Let's just say that it does happen, what impact will that have on the rest of the publicly funded workforce. Rail workers get lets say 11%, but the public sector as a whole is offered 2%-3%. Of course this will cause widespread anger, and likely trigger more industrial action. So the government relents and gives the entire public sector 11% as well. But they've got to fund it somehow, after this will be an unprecedented that's going to hit budgets hard. Therefore the options would be:
- Tax rises from the 2023/24 fiscal year. Given that this will roll dangerously close to the next general election, its an unlikely option to be taken.
- Cutbacks in public services. Again given the looming GE, it would be a brave cabinet to announce cutbacks to fund pay rises, and of course realistically would be counterproductive. There's no point giving huge pay rises only to then cut back on the workforce & be even less able to deliver services.
- Quantitive Easing. This might seem like the easy option, just shake the magic money tree again and the problem goes away. Well sadly it doesn't, yes its been shaken many times over the last couple of years, but we are going to have to pay for that one way or another. The value of the pound is shrinking against the dollar, meaning that commodities bought in the American currency are going to be more expensive, and a lot of key ones are. I can't imagine printing more cash is going to help that one bit.

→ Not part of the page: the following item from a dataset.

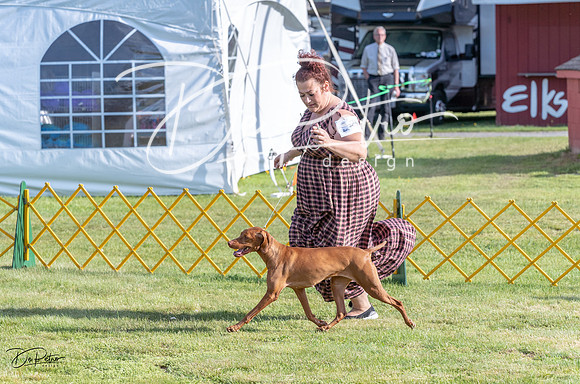 20230513-DSC02199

But let's just imagine one of these options are taken and its 11% pay rises are all around. What impact will that have on private sector workers? Of course they are going to start asking why they are not getting the same. Cue even more unrest and industrial action. And where employers cave in and award these rates, who do you suppose will pay for it? That's right, the customers. So prices rise even more, potentially triggering even higher rates of inflation, meaning even more claims for higher pay awards in the future, leading to even more cost. Suddenly we could find ourselves in a loop of hyper-inflation, constantly having to revalue of currency to the point where we will need a wheelbarrow full of notes just to buy a loaf of bread with cash (OK that might be the extreme conclusion, but you should hopefully get my point).

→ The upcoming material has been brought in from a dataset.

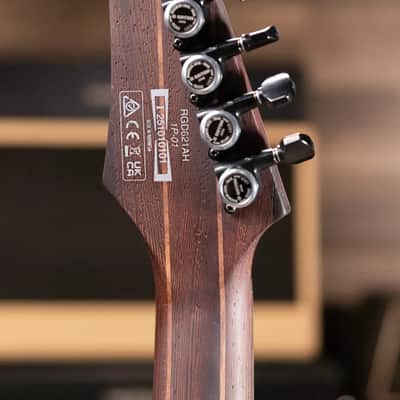 Ibanez RGD621AHMNF Standard Electric Guitar - Midnight Shade Fade image 6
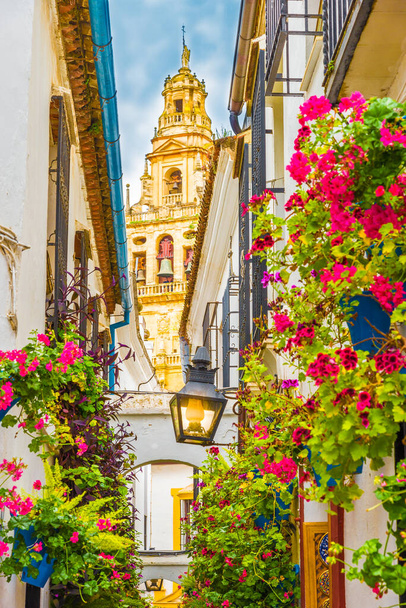 Calleja de las Flores, Cordoba, Španělsko - Fotografie, Obrázek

Is situation fair on ordinary folk? No, of course it isn't. I'm sure we would all love a big pay rise to get us through, but it simply isn't going to happen because we as a country can't afford it. Sure some areas might get much more than others, but I would bet that those areas that get the cash today will be facing big cutbacks tomorrow. What we actually need is for a competent government to tackle the root cause of the problem, inflation. Then more modest, and much more affordable pay rises would still see us improve our lot.